Introductory Remarks
Max Martin “Israel“ Baruch and Erna “Sara” Baruch lived for several months in our house in Berlin Charlottenburg. In the summer of 1942 they moved into the ground floor apartment with a balcony facing the backyard. They did not move there voluntarily. They were forcibly admitted to the “Judenhaus” which Gervinusstrasse 20 had become at that time. When they lived here, Erna’s daughter Edith was already in Great Britain.
Edith had come to Scotland with a child transport. She survived the Shoah in the safety of Britain. Her mother Erna and her second husband Max Martin died in Auschwitz. What we know about her I have written down below.

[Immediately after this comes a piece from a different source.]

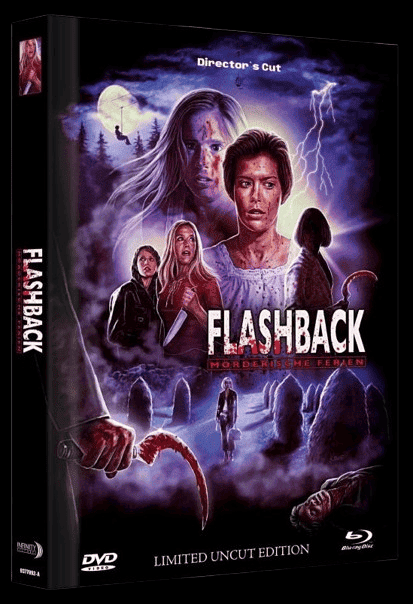 Flashback - Mörderische Ferien (Limited Mediabook, Blu-ray+DVD, Cover A) (2000) [FSK 18] [Blu-ray]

I would like to thank everyone who helped me with this research. I would like to mention Robert Herrmann in Los Angeles, Claire and Howard Singerman in Glasgow and the organization “Gathering The Voices”, Myrna Bernard, the journal of the Association of Jewish Refugees (AJR) for information about child transport in Great Britain, Peter Lobbenberg in London, Sabine Hank from the archive of the Centrum Judaicum Berlin, Manfred Schroeter, an expert on the history of the Jewish population of Nordhausen, Iga Bunalska in Oswiemcin from the Auschwitz Study Group, Frank Wittendorfer from the Siemens-Archiv Berlin, Thomas Ulbrich from the Brandenburgisches Landeshauptarchiv Potsdam, Roderick Miller and his colleagues from “Tracing The Past” in Berlin, numerous historians including Jani Pietsch and Marie Roelshoven from “Denk Mal Am Ort”, who helped me find other useful sources of information.